$R$ is the relation defined in $\Bbb R^{\Bbb R}$ by:
$$fRg \Leftrightarrow \exists \psi \in \Bbb R^{\Bbb R} , \psi \text{ bijective and }\psi \circ f = g \circ \psi$$
I know that $R$ is an equivalence relation however I don't see how I can use that in any way. I tried to find different conditions like $(p-1)²\gt 4q$ but there's no way to prove that they are sufficient.
On
Consistent with comments, we can observe that $\psi\left(0\right)$ is a fixed point of $g$. And another important observation is that $$\psi\left(t^2\right)=\psi\left(t\right)^2+p\psi\left(t\right)+q=\psi\left(-t\right)^2+p\psi\left(-t\right)+q$$ holds for any natural $t$. Since $g$ is quadratic, it must be $\psi\left(t\right)=\psi\left(-t\right)$ or $\psi\left(t\right)+\psi\left(-t\right)=-p$ where $t\neq0$, and $\psi$ is bijective according to assumption, so the latter holds. $\\$Now it's clearly that $\psi$ also maps $0$ to the extreme point of $g$, hence we obtain the general expression of $g$ :$$g=\left(x-a\right)^2+a$$, where $p=-2a,\,q=a^2+a$ and $a$ is an arbitrary natural number. $\\$Of course the sufficiency could be proved. In fact, let $f\left(x\right)=x^2$ and $g\left(x\right)=\left(x-a\right)^2+a$, $\psi\left(x\right)=x+a$ is an eligible mapping.
Further observations, too long for a comment.
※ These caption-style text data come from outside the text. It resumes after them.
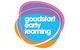 Goodstart Early Learning New Lambton - thumb 0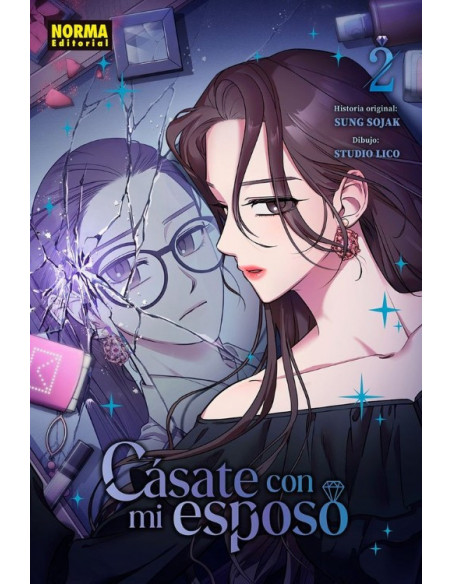 es::Cásate con mi esposo 02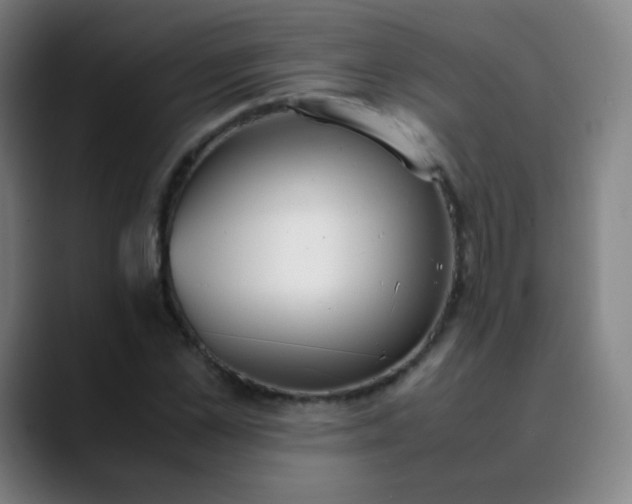 X0000089870973200707121751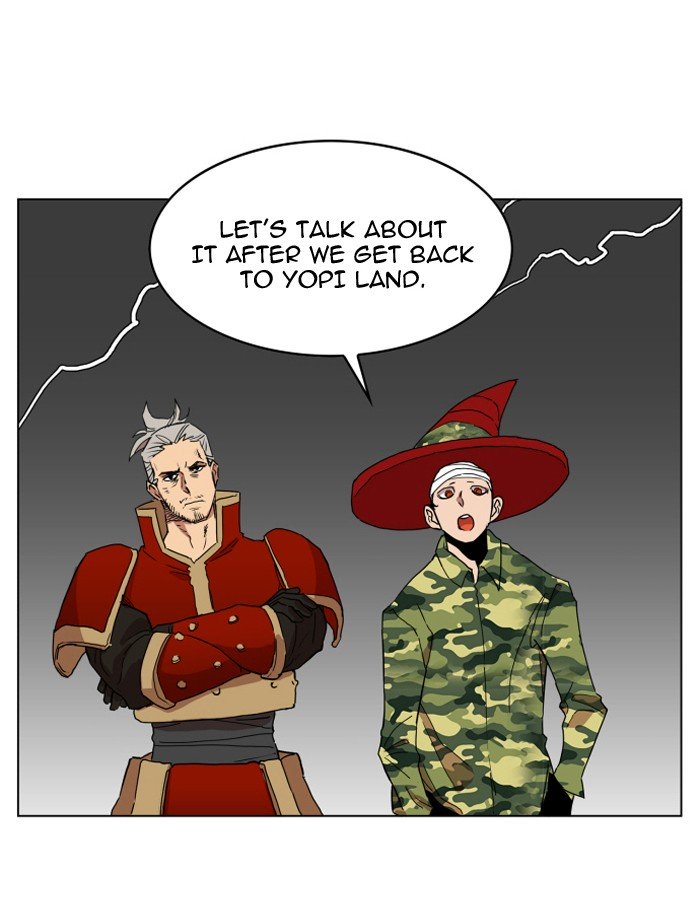 Page 52 of Chapter 97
We have $$\psi(x^2)=\psi^2(x)+p\psi(x)+q,\tag{1}$$ which gives for $k\in\{0,1\}$ that $$\psi(k)=\psi^2(k)+p\psi(k)+q,\tag{2}$$ from where in case of $$(p-1)^2\geq 4q,\tag3$$ the solutions $$\psi(k)=-\frac{p-1}{2}\pm\sqrt{\frac{(p-1)^2}{4}-q}$$ follows (which doesn't mean that $\psi(0)=\psi(1)$). Now if we assume that $\psi$is $C^1$, we have $$\psi'(x^2)\cdot 2x=2\psi(x)\psi'(x)+p\psi'(x),$$ which gives for $x=0$ that $$0=\psi'(0)\bigl(2\psi(0)+p\bigr),$$ that is either $\psi'(0)=0$ or $\psi(0)=-p/2$. Let's first deal with $\psi(0)=-p/2$ and plug it in $(2)$, which yields in $$-\frac12=\pm\sqrt{\frac{(p-1)^2}{4}-q}.$$ Now that gives $4q=p^2-2p$ as Michael Burr stated above. Investigating $\psi'(1)$ gives the same result: either $\psi'(1)=0$ or $\psi(1)=(2-p)/2$ and $4q=p^2-2p$ again. This leaves the cases $\psi'(k)=0$ open. If we further assume that $\psi$ is also $C^2$, the $\psi''(k)$ must be zero as well, otherwise $\psi$ would not be bijective.
Now we can give an example of $\psi$, namely the straight line passing through $(0,-p/2)$ and $(1,1-p/2)$: $$\psi(x)=x-\frac p2.$$